**** Data excerpt
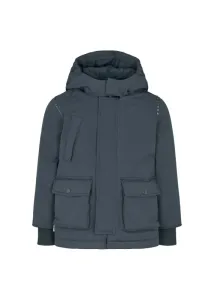 Omas_Jacket__Blauw
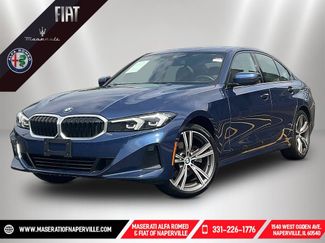 Used 2023 BMW 330i xDrive Sedan w/ Driving Assistance Package AWD/4WD video 1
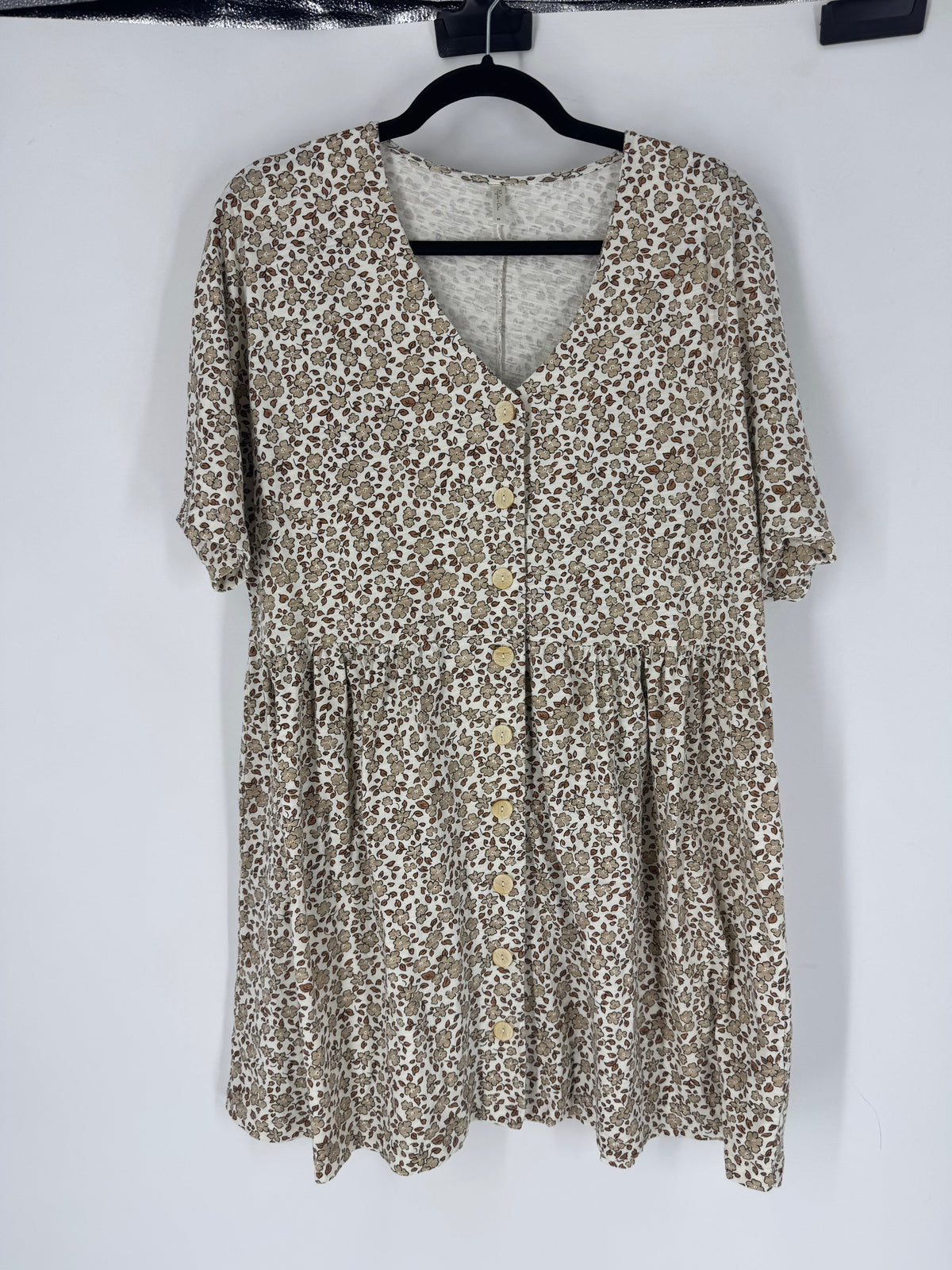 Tan Rylee + Cru Floral mini, M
********
» About this task
Transcribe the whole listing exactly but exclude images.

» Answer for this exercise
 Omas_Jacket__Blauw
 Used 2023 BMW 330i xDrive Sedan w/ Driving Assistance Package AWD/4WD video 1
 Tan Rylee + Cru Floral mini, M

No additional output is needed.